» **WORK INSTRUCTIONS**
Only the lines from the one holding "Royal Heirloom Silver Rattle" to the end of the data should be echoed, exactly as they appear, minus the pictures.

[[ DATASET EXCERPT, beginning ]]

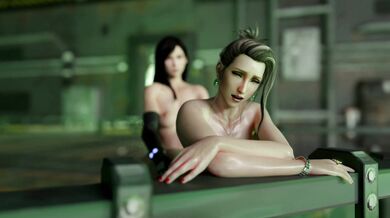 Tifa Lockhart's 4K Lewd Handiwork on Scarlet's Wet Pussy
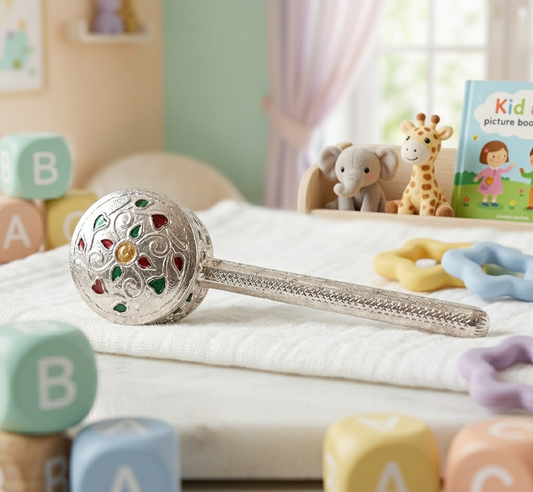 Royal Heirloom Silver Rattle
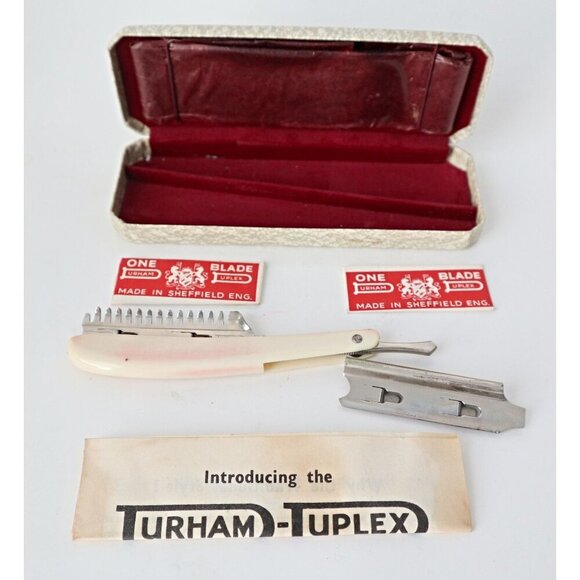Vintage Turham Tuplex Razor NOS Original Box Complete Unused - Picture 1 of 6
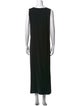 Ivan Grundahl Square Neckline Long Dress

[[ DATASET EXCERPT, end ]]

» **REPLY TO THE EXERCISE**
 Royal Heirloom Silver Rattle
Vintage Turham Tuplex Razor NOS Original Box Complete Unused - Picture 1 of 6
 Ivan Grundahl Square Neckline Long Dress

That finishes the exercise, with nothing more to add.